After finding the line containing "this 640×480 image." below, please output that line and each following one through the line containing "this 1200×800 image.", exactly as written.

● INPUT DATA
- - - -

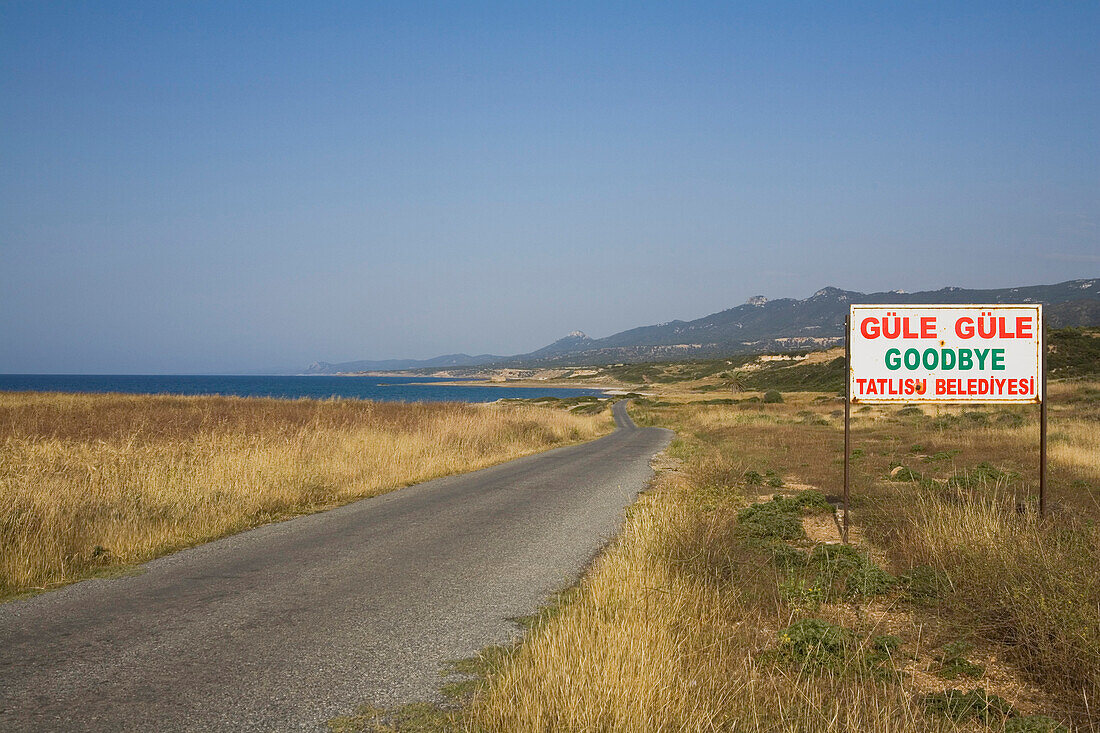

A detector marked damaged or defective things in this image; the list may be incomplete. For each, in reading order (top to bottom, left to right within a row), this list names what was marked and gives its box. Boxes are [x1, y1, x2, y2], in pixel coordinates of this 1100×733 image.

- - - -

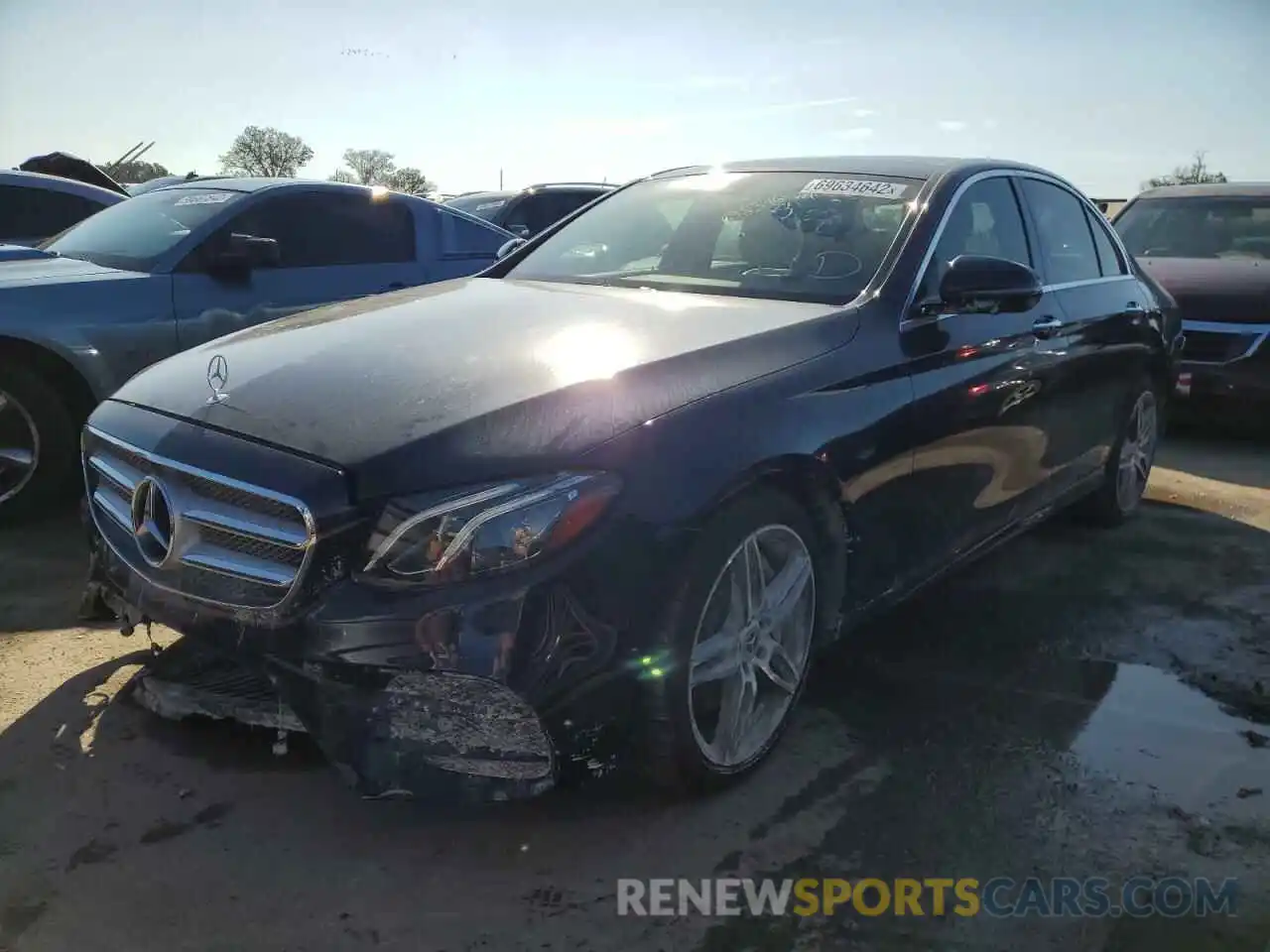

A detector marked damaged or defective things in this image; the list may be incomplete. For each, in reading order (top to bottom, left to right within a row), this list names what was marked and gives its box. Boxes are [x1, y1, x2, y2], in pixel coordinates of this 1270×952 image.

- - - -

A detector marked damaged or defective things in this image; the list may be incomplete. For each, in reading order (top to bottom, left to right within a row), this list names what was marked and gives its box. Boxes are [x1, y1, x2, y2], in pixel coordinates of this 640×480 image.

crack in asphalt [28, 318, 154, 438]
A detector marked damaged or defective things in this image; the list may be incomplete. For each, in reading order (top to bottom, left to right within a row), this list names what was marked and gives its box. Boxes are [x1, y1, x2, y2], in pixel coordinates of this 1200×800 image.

- - - -

● REPLY
A detector marked damaged or defective things in this image; the list may be incomplete. For each, in reading order (top to bottom, left to right within a row), this list names what was marked and gives its box. Boxes are [x1, y1, x2, y2], in pixel coordinates of this 640×480 image.

crack in asphalt [28, 318, 154, 438]
A detector marked damaged or defective things in this image; the list may be incomplete. For each, in reading order (top to bottom, left to right within a row), this list names what was marked and gives its box. Boxes are [x1, y1, x2, y2], in pixel coordinates of this 1200×800 image.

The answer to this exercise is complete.